:: TASK DETAILS ::
Where an entry contains a picture, skip the picture and write out everything else exactly.

:: TASK MATERIAL ::
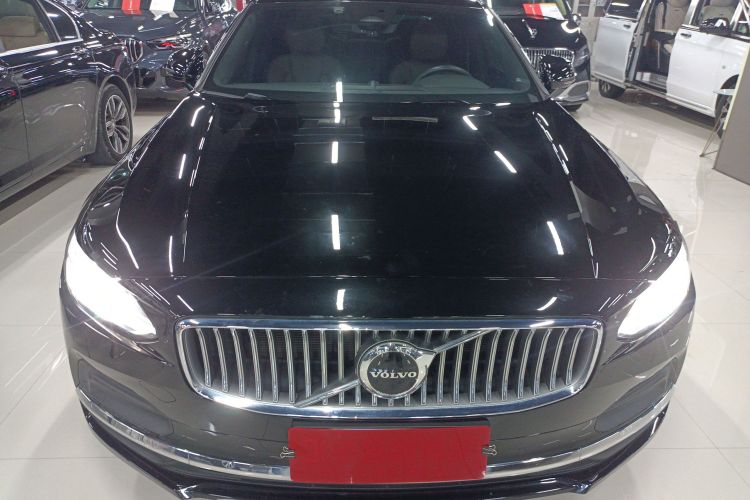 沃尔沃S90 2022款 B5 智远豪华版车身外观2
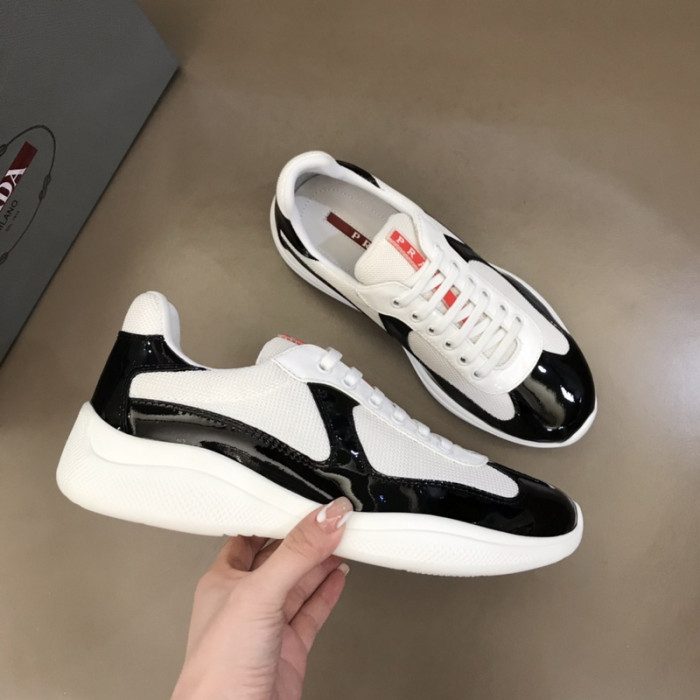 Prada men shoes 1：1 quality-1123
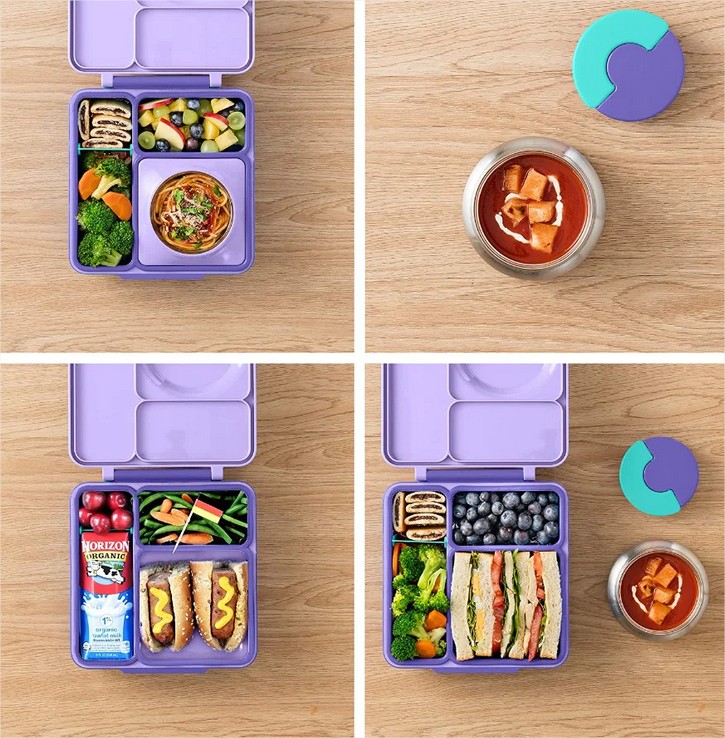 OmieBox Purple Plum OmieBox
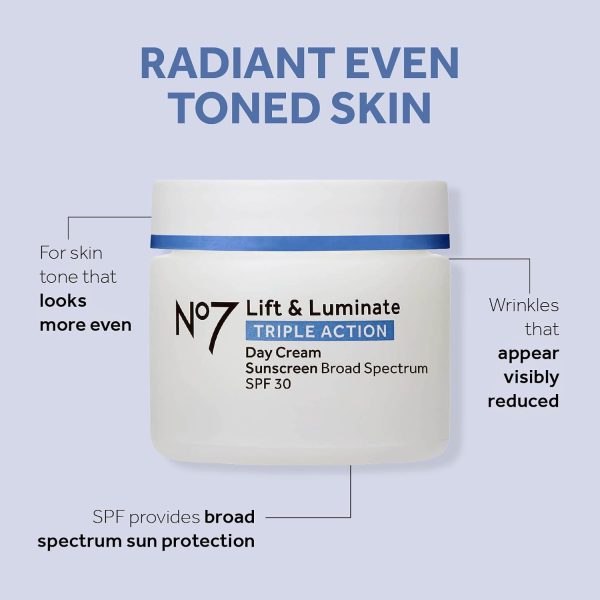 1732244940 No7 Lift Luminate Triple Action Skincare System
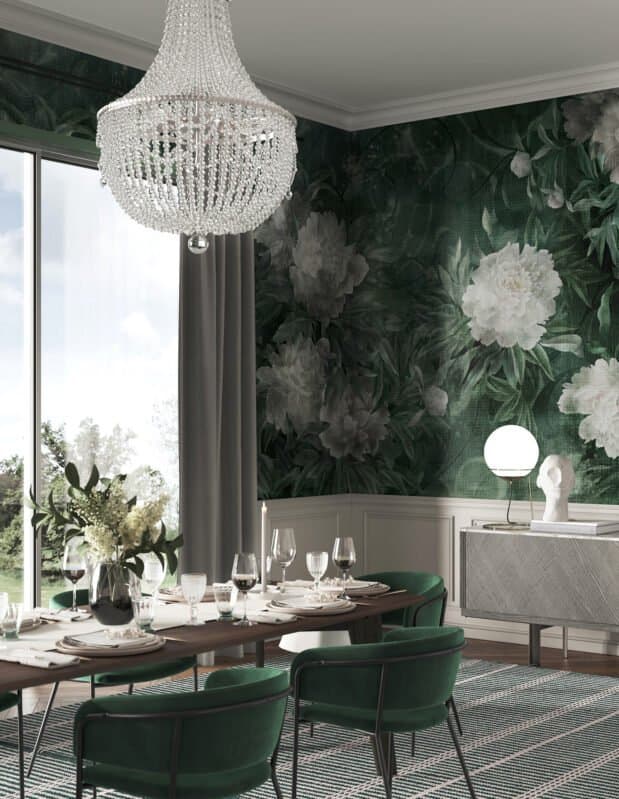 Papier peint Charm - 3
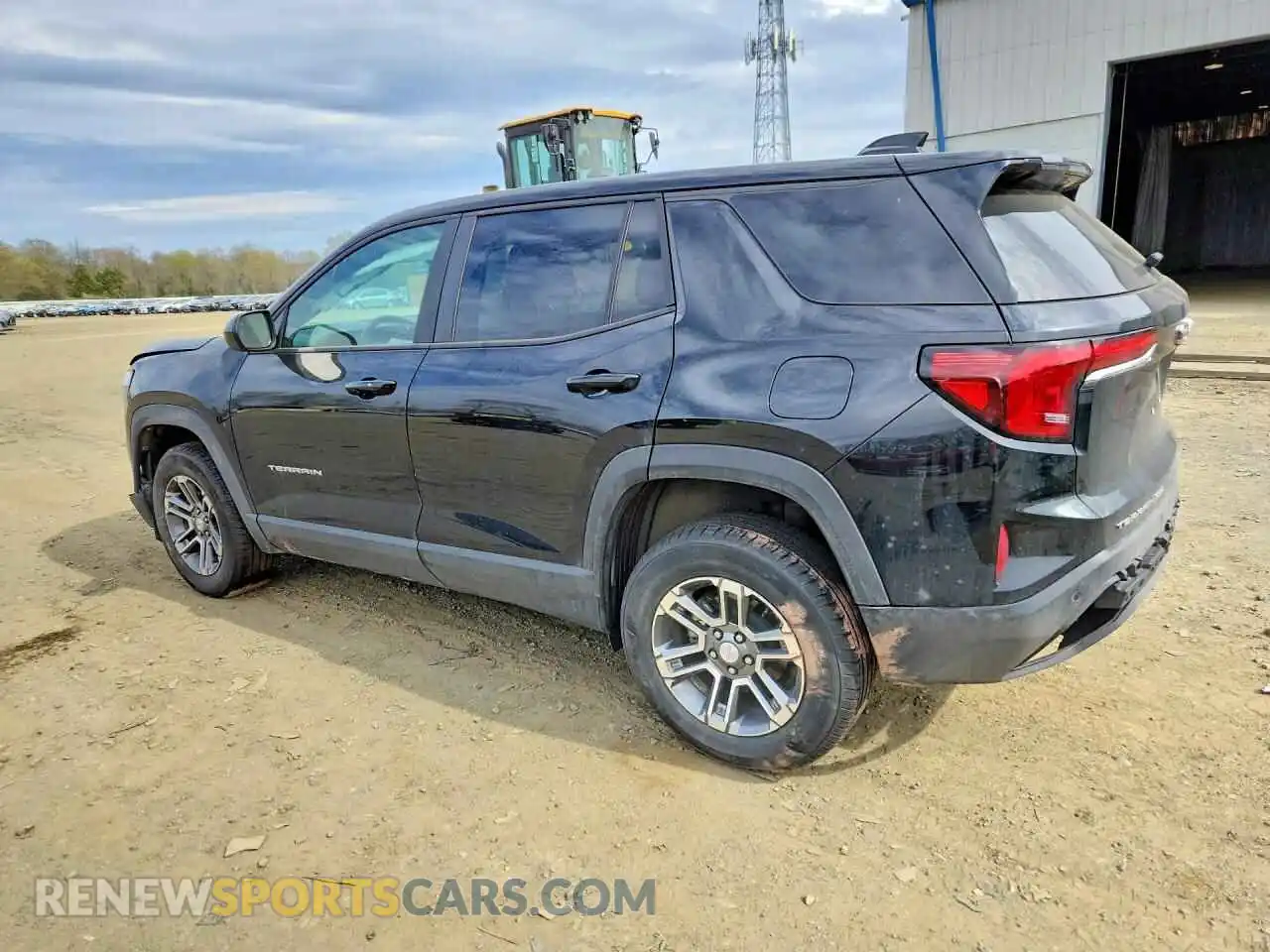 2 Photograph of a damaged car 3GKALUEG9TL190479 GMC TERRAIN 2026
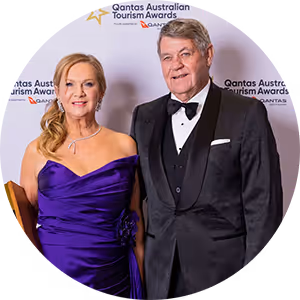 2024 AUSTRALIAN TOURISM AWARDS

:: RESULT FOR THIS TASK ::
 沃尔沃S90 2022款 B5 智远豪华版车身外观2
 Prada men shoes 1：1 quality-1123
 OmieBox Purple Plum OmieBox
 1732244940 No7 Lift Luminate Triple Action Skincare System
 Papier peint Charm - 3
 2 Photograph of a damaged car 3GKALUEG9TL190479 GMC TERRAIN 2026
 2024 AUSTRALIAN TOURISM AWARDS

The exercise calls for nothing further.